YOUR INSTRUCTIONS ::
In the copy, keep the lines from the first line of the material below through the line containing "Ohrringe Soleil in Gold/ Clementine" exactly as they are, and include no pictures.

GIVEN MATERIAL ::

☆ ☆ ☆ ☆ ☆

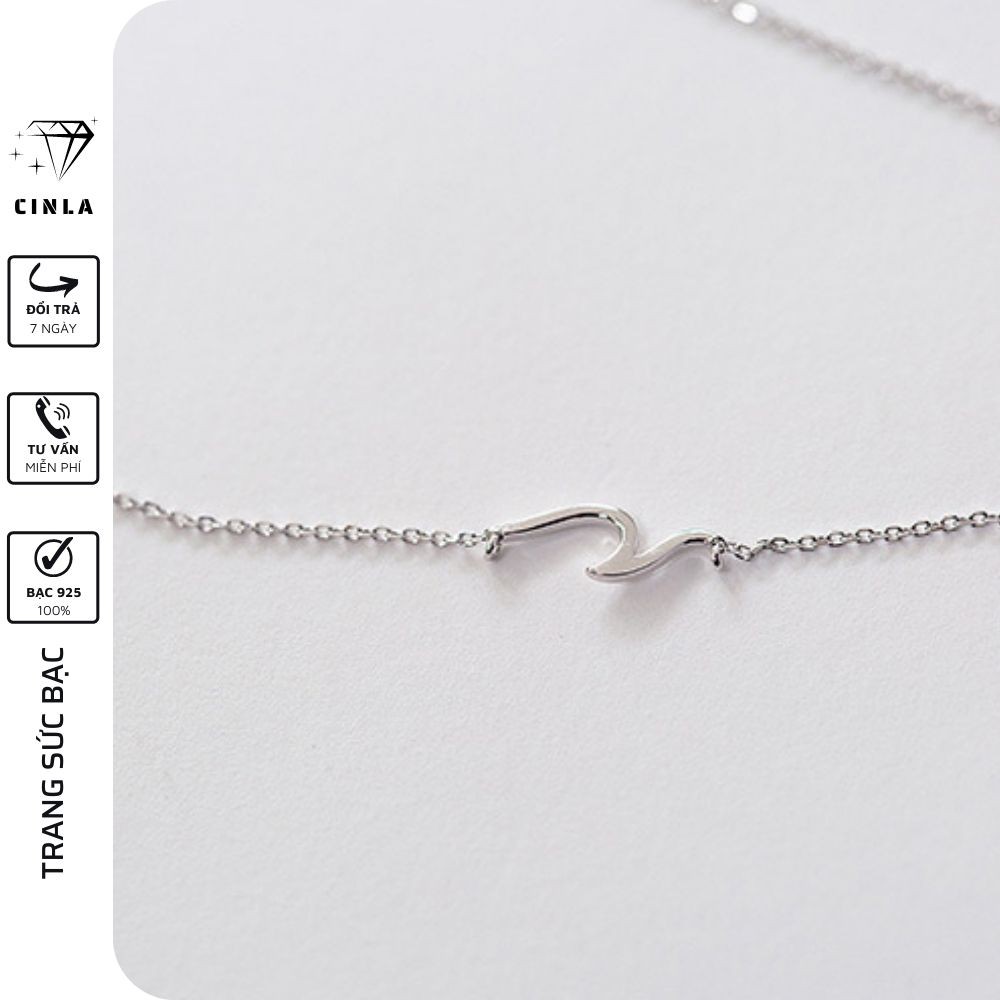 Dây chuyền nữ mạ bạc 925 cao cấp đẹp thanh mảnh kiểu dáng hàn quốc trang sức CINLA DC003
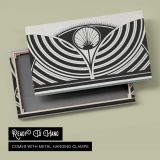 Stylised Floral Pattern by Samuel Jessurun de Mesquita - canvas rear frame and hanging hardware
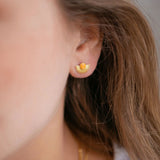Ohrringe Soleil in Gold/ Clementine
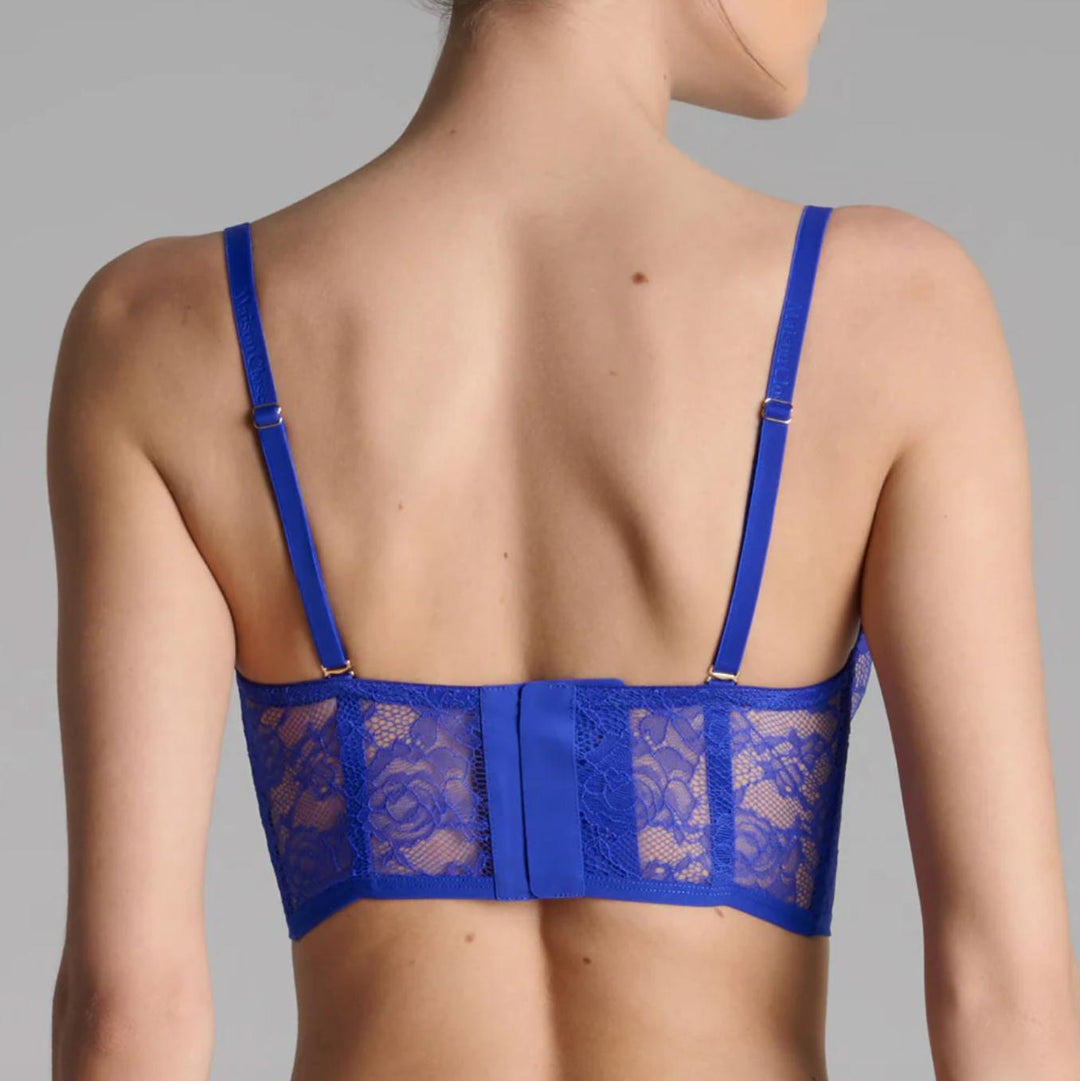 Maison Close Flashback Longline Bra in Neon Blue 562732-Bras-Maison Close-Neon Blue-32-B-Anna Bella Fine Lingerie, Reveal Your Most Gorgeous Self!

☆ ☆ ☆ ☆ ☆

TASK OUTPUT ::
 Dây chuyền nữ mạ bạc 925 cao cấp đẹp thanh mảnh kiểu dáng hàn quốc trang sức CINLA DC003
 Stylised Floral Pattern by Samuel Jessurun de Mesquita - canvas rear frame and hanging hardware
Ohrringe Soleil in Gold/ Clementine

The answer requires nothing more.